Bugün sol, en çok da burjuvazinin sol kanadının nüfuzu altında. Örneğin İngiliz aydınlarının kaleme aldıkları Euston Bildirisi, 11 Eylül sonrası ideolojik aktarımın en önemli örneği olarak karşımıza çıkıyor.

Euston, Bir Sorunumuz Var

Euston Bildirisi[16] emperyalizmin başkentlerinde liberalizme has olan sömürgeci yaklaşımların en kusursuz örneklerinden birisi. 11 Eylül ardından gelişen savaş karşıtı harekete ve Filistin’le Dayanışma Hareketi’ndeki gelişmeye cevap olarak kaleme alınmış olan bildiri, o dönemde liberaller ve “sosyalistler”deki üzeri örtülmüş kimi değerlerin açığa çıkmasını sağlayan tahliye vanası olarak iş gördü.

Norman Geras ve Nick Cohen gibi aydınların kaleme aldıkları Euston Bildirisi, sosyalistlere liberallerle temas kurma ve onlarla birlikte eşitlikçilik denilen müşterek zeminde buluşma çağrısı yapıyor. Metinde aydınlanmacı solun “gerçek değerler”i “despotizm savunusu” ve kültürel göreceliğin karşısına çıkartılıyor. Belge, anti-Amerikanizme açıktan karşı çıkıyor ve dikkatleri özel olarak solda geliştiğini iddia ettiği antisemitizme çeviriyor. Ayrıca yazarlar bu bildiriyle herkesi terörizme, bilhassa ilhamını İslamcı ideolojiden alan terörizme karşı birleşmeye çağırıyor.[17]

Genel anlamda tüm “yabancı” ideolojilere karşı yumruk sallayan Euston Bildirisi, Stalinizmi ve Maoizmi “intihar eylemcilerinin terörizmi” dediği torbaya atıyor, onları “cihatçı ve Baasçı çeteler”le birlikte ele alıyor. Yahudi soykırımını inkâr edenleri “uluslararası komünist hareket”le birlikte anan bildiri, bu iki kesimin tarihsel hakikati çarpıttıklarını söylüyor.[18]

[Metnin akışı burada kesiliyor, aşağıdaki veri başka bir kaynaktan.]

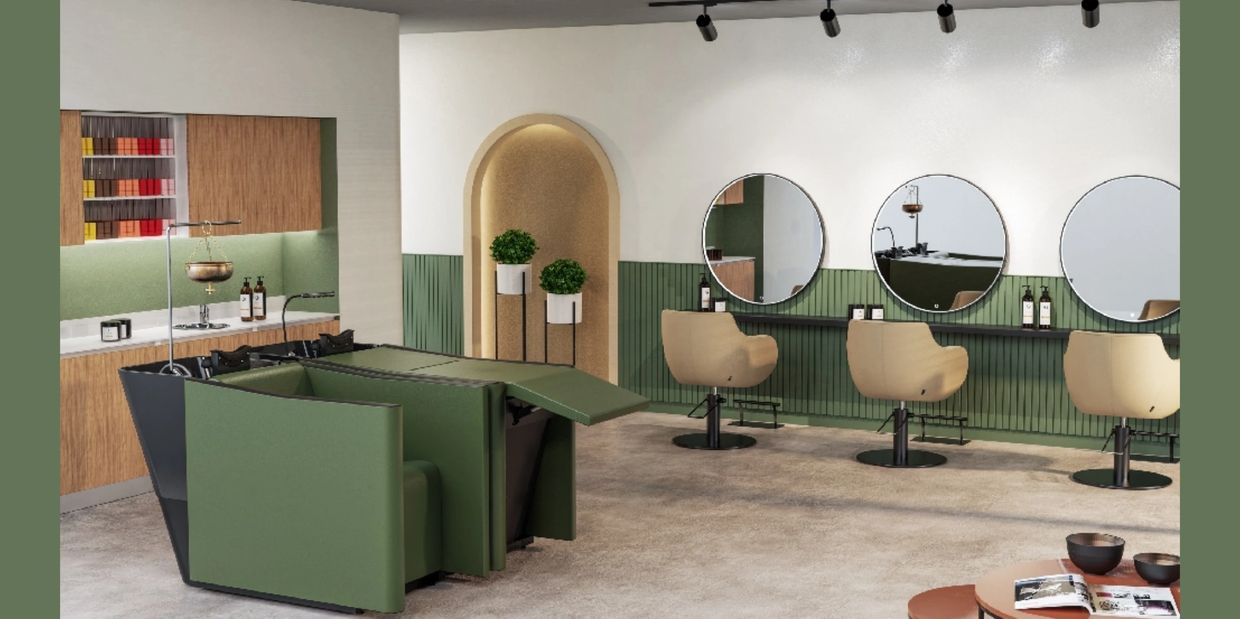 salon interior showing the new Spa shampoo hairdressing beds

Tam da Cyra Choudry’nin dediği gibi metin, komünizme ve İslamcılığa ait her şeyi o kusursuz “liberal gaye”den uzaklaşma hâli olarak takdim ediyor. Euston’cılara göre liberalizme doğru ilerleyen dünya, elimizdeki yegâne meşru seçenek.[19]

Hatta bildirinin yazarları, anti-demokratik rejimleri anlamaya çalışma girişimlerini bile eleştiriyorlar. Belge, mevcut fiili “sosyalizm”e dair tartışmaya pek yer bırakmıyor. Esasında ondaki sosyalizm savunusunun liberalizm savunusundan hiçbir farkı yok. Bu anlamda, Chomsky’nin ve Seymour’un da tespit ettiği biçimiyle metin, sağa meşruiyet kazandırmaya çalışan emperyalist liberallerin ağzıyla konuşuyor. Tabii belirtmeye bile gerek yok, Euston bildirisi, “insanî müdahaleler”i, küresel güneye nizamat vermenin aracı olarak görüp onaylıyor.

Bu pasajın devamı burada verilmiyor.